* [WORK TO COMPLETE]:
Please return exactly the lines from the top of the data through the line that contains "Winx Club GN (2024 Papercutz) 4-1ST", and skip all pictures.

(Captioned web image data)

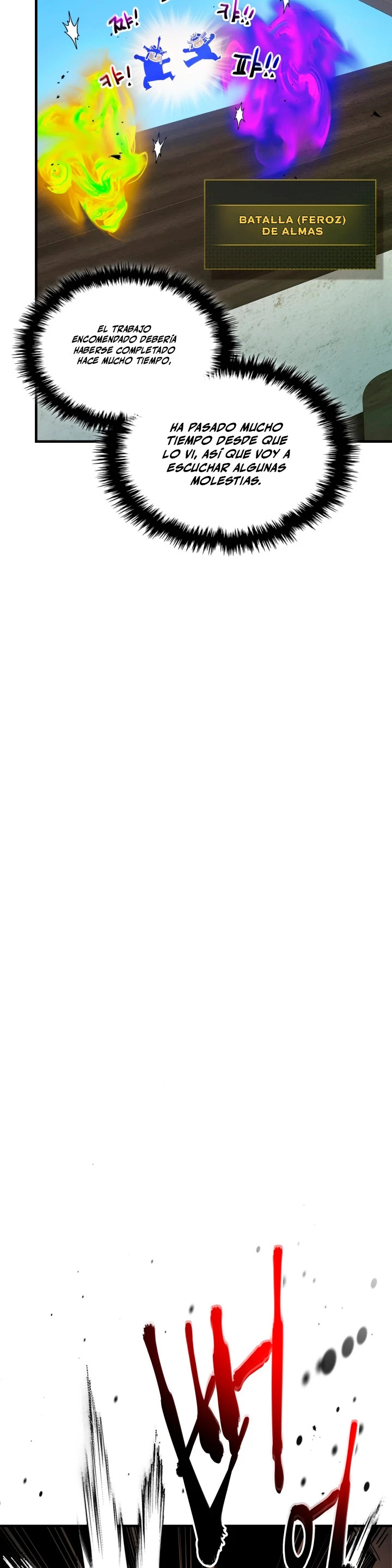 Read Nivelando Con Los Dioses es Manga Online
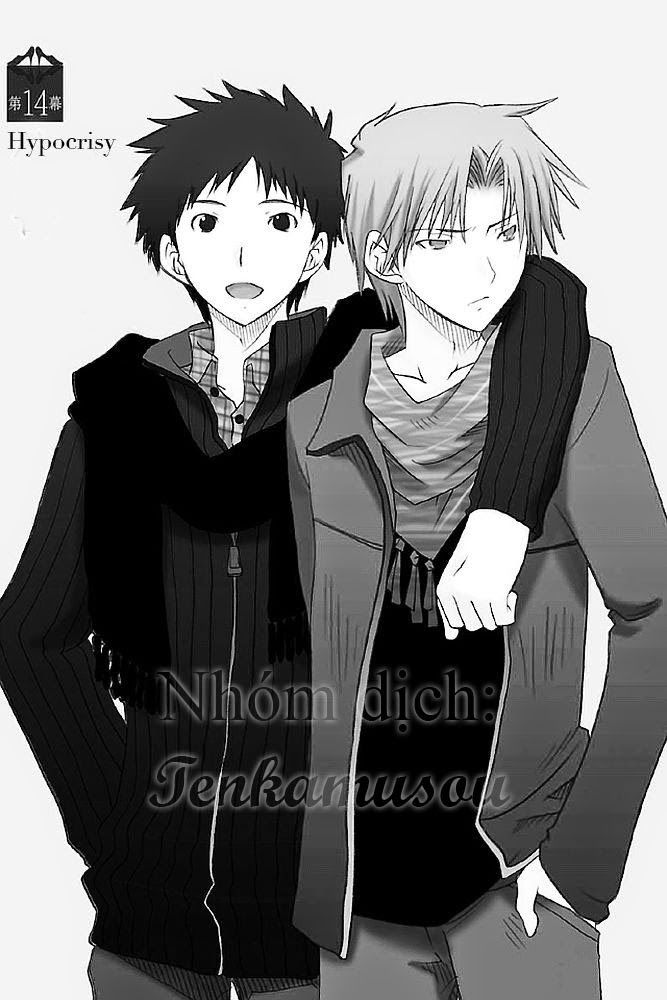 Fukigen Cinderella Chapter 14 - Trang 0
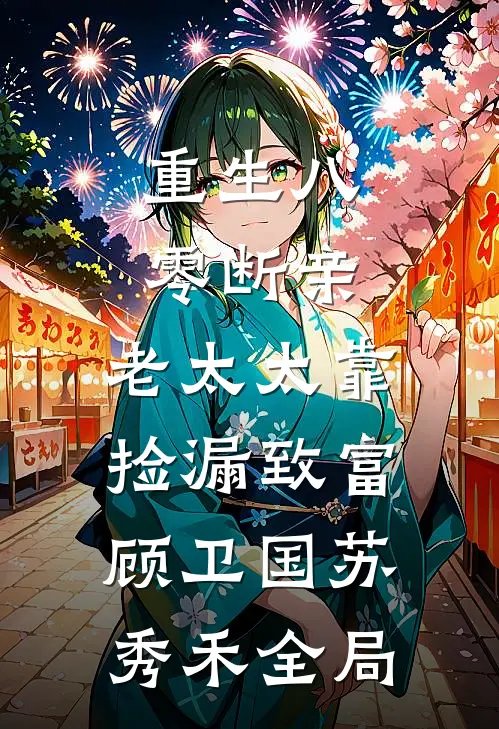 重生八零断亲，老太太靠捡漏致富顾卫国苏秀禾全局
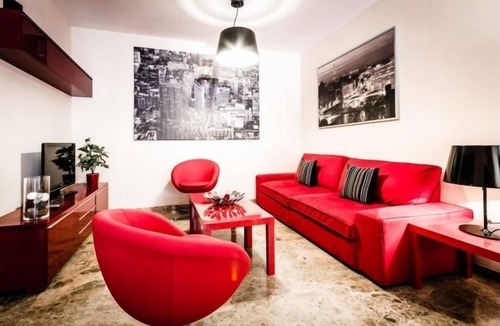 Centro Comercial Apartment | Rental unit in Córdoba · ★4.60 · 2 bedrooms · 4 beds · 2 baths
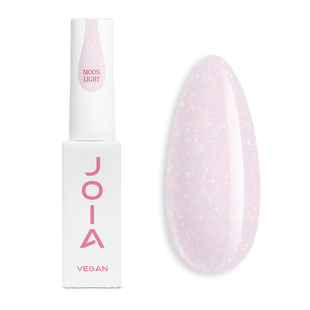 JOIA vegan PolyLiquid Gel, Moonlight Glow, 8 мл &mdash; рідкий гель для укріплення та моделювання нігтів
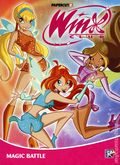 Winx Club GN (2024 Papercutz) 4-1ST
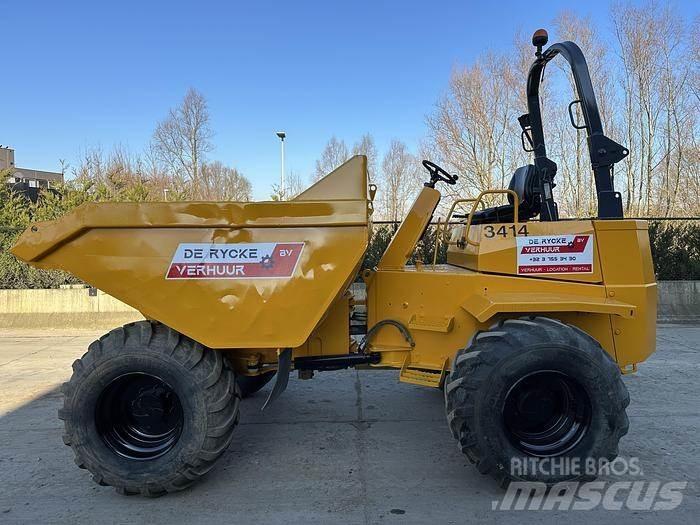 Thwaites 9T Minidumpperit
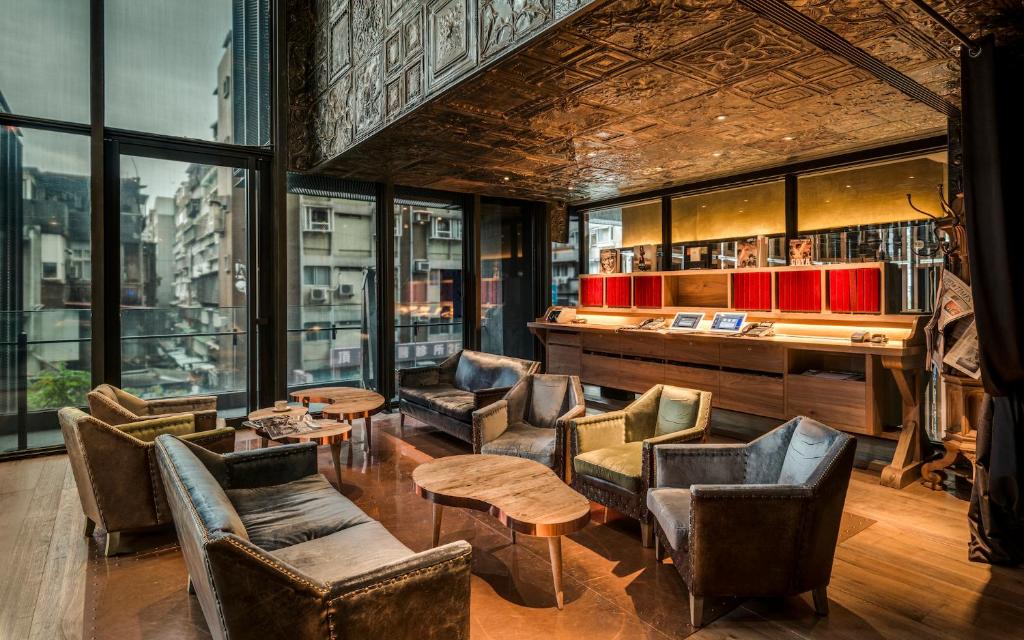 ホテルプロバーブズ台北，ア メンバー オブ ザ デザインホテルズ Hotel Proverbs Taipei, a Member of Design Hotels™ 画像6
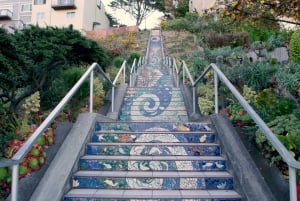 Hidden Stairways of San Francisco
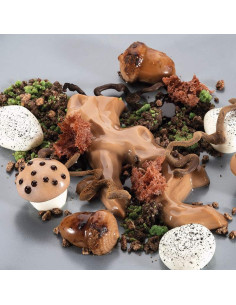 MOLDE GG026 BELLOTA GOURMAND 300X175Gourmand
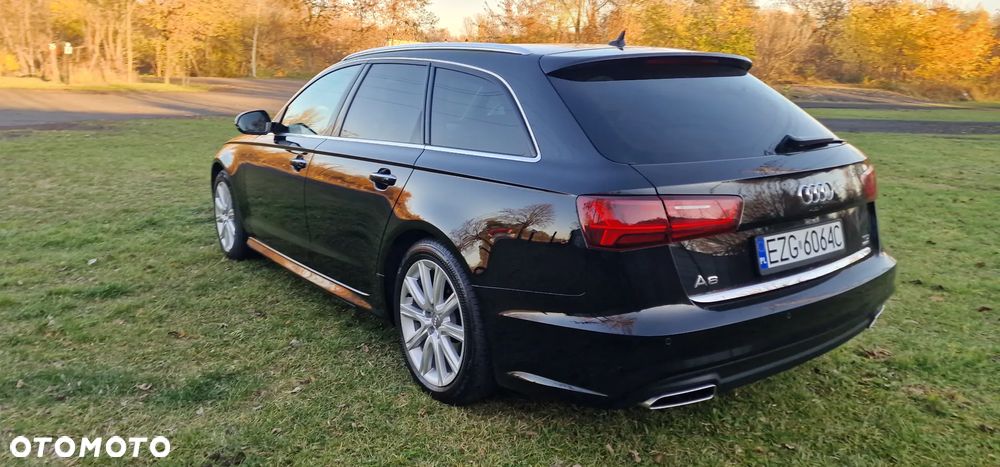 Audi A6 Avant 2.0 TDI Ultra DPF - 24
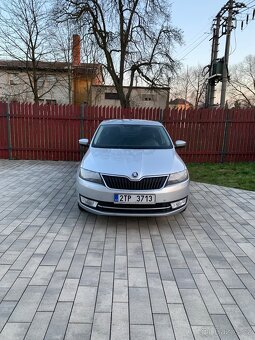 Škoda Rapid 1.2 Tsi - 2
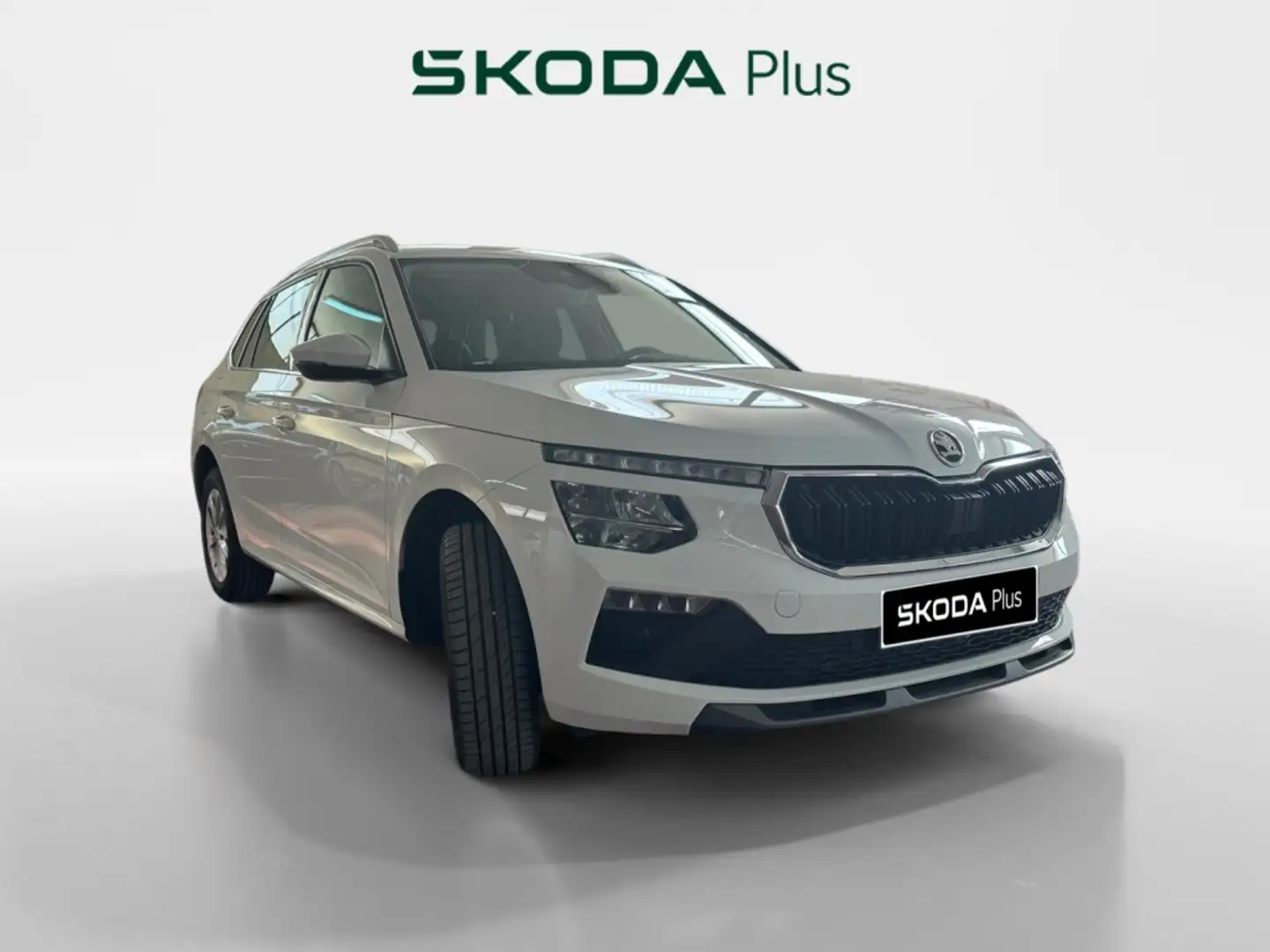 Skoda Kamiq TODOTERRENO 1.0 TSI 85KW SELECTION DSG 115 5P Blanco - 1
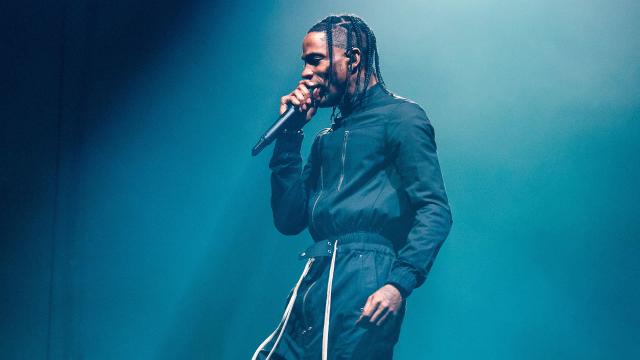 Travis Scott Rome Concert Injuries Downplayed by Authorities – The  Hollywood Reporter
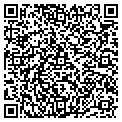 QR code with J & L Painting contacts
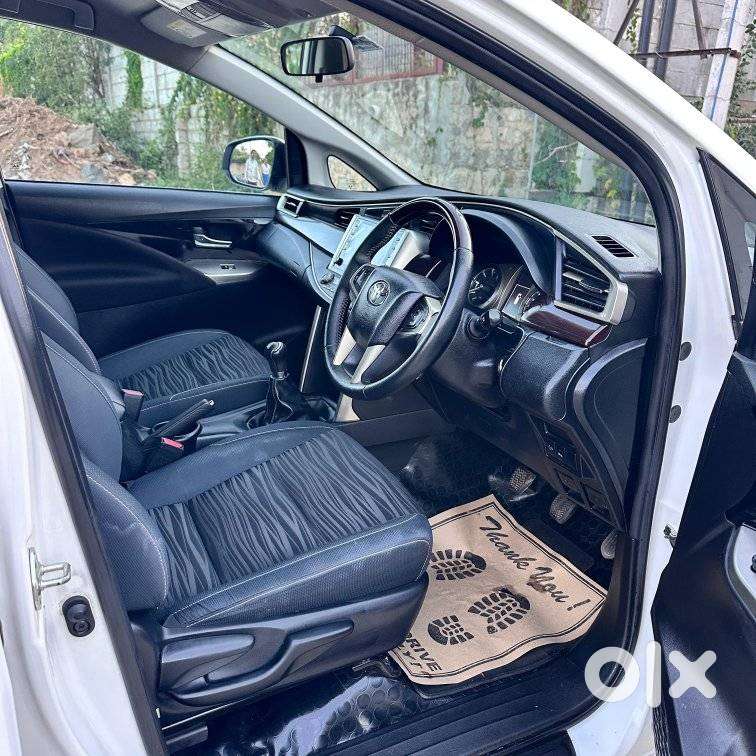 Toyota Innova Crysta [2020-ongoing] 2.4 Vx 7 Str, 2022, Diesel
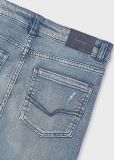 Pantalone jeans Mayoral - denim chiaro - 1
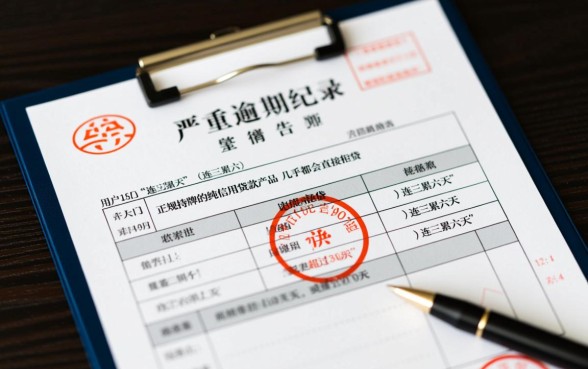 严重逾期也能贷的网贷有哪些软件，逾期了还能下款吗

* [PROBLEM SOLUTION]:
 Read Nivelando Con Los Dioses es Manga Online
 Fukigen Cinderella Chapter 14 - Trang 0
 重生八零断亲，老太太靠捡漏致富顾卫国苏秀禾全局
 Centro Comercial Apartment | Rental unit in Córdoba · ★4.60 · 2 bedrooms · 4 beds · 2 baths
 JOIA vegan PolyLiquid Gel, Moonlight Glow, 8 мл &mdash; рідкий гель для укріплення та моделювання нігтів
 Winx Club GN (2024 Papercutz) 4-1ST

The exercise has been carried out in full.